* _REQUIRED ACTION_: Once the line containing "Die New Nature" has been written out, stop; until then, restate each line of the entries below word for word from the first.

* _Web page caption snippets_:
========================
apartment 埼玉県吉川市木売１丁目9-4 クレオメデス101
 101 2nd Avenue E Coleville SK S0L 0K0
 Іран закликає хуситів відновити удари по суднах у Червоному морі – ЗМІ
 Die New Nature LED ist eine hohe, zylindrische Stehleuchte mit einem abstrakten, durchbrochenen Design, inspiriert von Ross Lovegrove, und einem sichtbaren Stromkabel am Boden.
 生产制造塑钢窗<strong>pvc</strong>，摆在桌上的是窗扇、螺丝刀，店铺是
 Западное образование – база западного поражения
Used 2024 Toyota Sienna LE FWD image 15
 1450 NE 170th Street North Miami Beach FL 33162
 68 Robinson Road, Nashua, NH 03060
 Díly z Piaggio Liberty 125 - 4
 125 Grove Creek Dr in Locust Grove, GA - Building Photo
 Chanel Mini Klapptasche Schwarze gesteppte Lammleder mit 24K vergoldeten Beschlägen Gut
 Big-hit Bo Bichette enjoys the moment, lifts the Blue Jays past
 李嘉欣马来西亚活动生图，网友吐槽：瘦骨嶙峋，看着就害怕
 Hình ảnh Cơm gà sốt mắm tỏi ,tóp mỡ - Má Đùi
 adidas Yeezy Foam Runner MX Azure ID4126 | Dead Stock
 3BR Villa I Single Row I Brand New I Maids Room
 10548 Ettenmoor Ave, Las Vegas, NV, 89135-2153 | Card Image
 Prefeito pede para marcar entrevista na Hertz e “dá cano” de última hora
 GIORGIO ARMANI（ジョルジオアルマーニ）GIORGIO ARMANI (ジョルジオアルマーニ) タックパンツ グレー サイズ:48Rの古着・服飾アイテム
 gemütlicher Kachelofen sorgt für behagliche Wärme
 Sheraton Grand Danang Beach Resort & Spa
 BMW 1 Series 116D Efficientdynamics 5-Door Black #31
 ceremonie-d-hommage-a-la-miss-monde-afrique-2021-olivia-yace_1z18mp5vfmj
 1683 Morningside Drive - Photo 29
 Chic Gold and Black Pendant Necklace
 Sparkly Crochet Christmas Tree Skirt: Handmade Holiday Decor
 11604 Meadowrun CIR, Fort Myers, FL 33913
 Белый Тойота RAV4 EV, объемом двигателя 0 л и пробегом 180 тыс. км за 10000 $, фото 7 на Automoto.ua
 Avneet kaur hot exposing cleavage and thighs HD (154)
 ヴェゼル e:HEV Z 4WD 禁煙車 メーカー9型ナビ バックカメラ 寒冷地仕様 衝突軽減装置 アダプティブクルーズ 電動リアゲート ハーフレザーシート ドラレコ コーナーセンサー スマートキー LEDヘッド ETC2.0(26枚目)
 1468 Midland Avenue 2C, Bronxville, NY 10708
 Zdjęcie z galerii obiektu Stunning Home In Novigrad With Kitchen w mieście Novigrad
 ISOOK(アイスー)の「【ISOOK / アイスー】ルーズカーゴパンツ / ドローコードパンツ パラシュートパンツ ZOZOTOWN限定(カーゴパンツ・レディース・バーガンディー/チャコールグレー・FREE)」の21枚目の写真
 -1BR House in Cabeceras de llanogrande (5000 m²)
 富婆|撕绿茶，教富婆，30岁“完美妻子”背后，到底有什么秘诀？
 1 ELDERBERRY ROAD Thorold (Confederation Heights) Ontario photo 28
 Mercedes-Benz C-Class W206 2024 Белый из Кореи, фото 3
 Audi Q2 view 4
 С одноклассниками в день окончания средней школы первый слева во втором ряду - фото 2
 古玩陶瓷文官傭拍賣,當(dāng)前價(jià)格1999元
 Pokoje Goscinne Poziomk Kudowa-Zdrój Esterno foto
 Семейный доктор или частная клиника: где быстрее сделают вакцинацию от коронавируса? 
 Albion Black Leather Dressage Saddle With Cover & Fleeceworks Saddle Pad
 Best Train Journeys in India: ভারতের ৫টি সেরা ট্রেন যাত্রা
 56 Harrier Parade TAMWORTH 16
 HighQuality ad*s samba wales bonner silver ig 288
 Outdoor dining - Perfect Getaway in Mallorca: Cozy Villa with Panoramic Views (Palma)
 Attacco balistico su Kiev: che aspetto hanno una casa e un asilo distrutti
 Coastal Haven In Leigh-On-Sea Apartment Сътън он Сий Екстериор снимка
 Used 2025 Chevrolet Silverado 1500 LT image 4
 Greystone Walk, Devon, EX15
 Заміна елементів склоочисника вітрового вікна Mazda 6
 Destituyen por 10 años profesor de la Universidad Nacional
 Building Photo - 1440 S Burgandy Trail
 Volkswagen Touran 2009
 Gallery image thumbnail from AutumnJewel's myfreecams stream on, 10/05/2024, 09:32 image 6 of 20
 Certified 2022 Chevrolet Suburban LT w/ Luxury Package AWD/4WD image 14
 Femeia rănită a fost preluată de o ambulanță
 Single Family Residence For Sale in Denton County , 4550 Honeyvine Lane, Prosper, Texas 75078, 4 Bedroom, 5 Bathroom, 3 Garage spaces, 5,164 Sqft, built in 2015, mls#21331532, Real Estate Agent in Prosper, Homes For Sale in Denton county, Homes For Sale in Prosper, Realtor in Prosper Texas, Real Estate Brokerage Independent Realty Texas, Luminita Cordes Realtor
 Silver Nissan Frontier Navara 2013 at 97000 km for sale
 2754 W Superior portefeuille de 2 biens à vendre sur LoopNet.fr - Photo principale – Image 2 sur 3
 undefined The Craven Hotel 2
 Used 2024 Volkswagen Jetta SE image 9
========================
* _THE COMPLETED TASK_:
apartment 埼玉県吉川市木売１丁目9-4 クレオメデス101
 101 2nd Avenue E Coleville SK S0L 0K0
 Іран закликає хуситів відновити удари по суднах у Червоному морі – ЗМІ
 Die New Nature LED ist eine hohe, zylindrische Stehleuchte mit einem abstrakten, durchbrochenen Design, inspiriert von Ross Lovegrove, und einem sichtbaren Stromkabel am Boden.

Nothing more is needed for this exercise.